If I were on the Court, the decision would read something like this:

"Our ruling is not based on the medical merits of marijuana. If it were, we would overturn the ban. The medical evidence is overwhelming that positive therapeutic effects can be attained with marijuana-based treatment. Unfortunately, that is not the basis of our ruling, because we are an organ of law, not an organ of medicine.

"Our ruling, thus, is based strictly and solely in the law. The United States Congress has chosen to make marijuana unavailable to the medical establishment, and it is our opinion that they have the legal power to do this.

“We therefore uphold their ban, but we simultaneously entreat the Congress to re-evaluate their choice in light of the overwhelming medical evidence showing their choice to be a bad one.”

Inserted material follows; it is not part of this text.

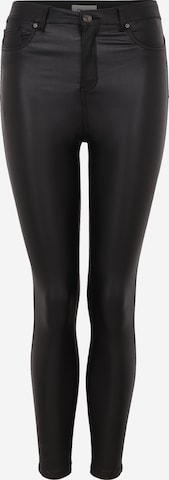 Only Petite Skinny Hose 'GOSH' in Schwarz: predná strana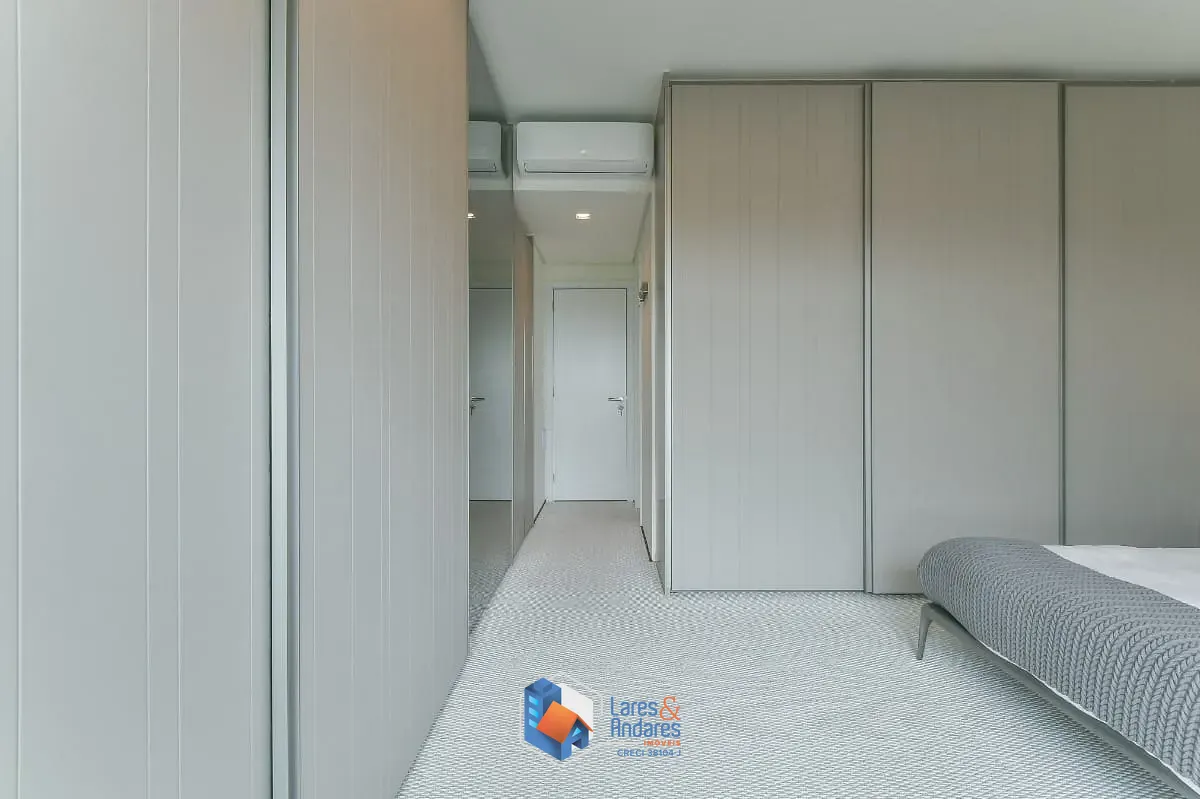 Apartamento, 3 quartos, 175 m² - Foto 34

Finis. Half a page, and done.

I know it sort of kind of says some of that in fancified legal language, but short and sweet has an appeal all its own.

My bolding. The reason the legal opinion is so lengthy is the tortured logic necessary to support that phrase. If all the court had to do was state its conclusion, every opinion would be brief.


Emphasis mine. Hee.

And in two threads now, I’ve asked for the position of strict constructionists as to the constitutionality of the Administrative Procedures Act. I’d still love to get a response from either Bricker or John Mace. It’s relevant in the context of the Raich decision and relates to your comments in this and other threads.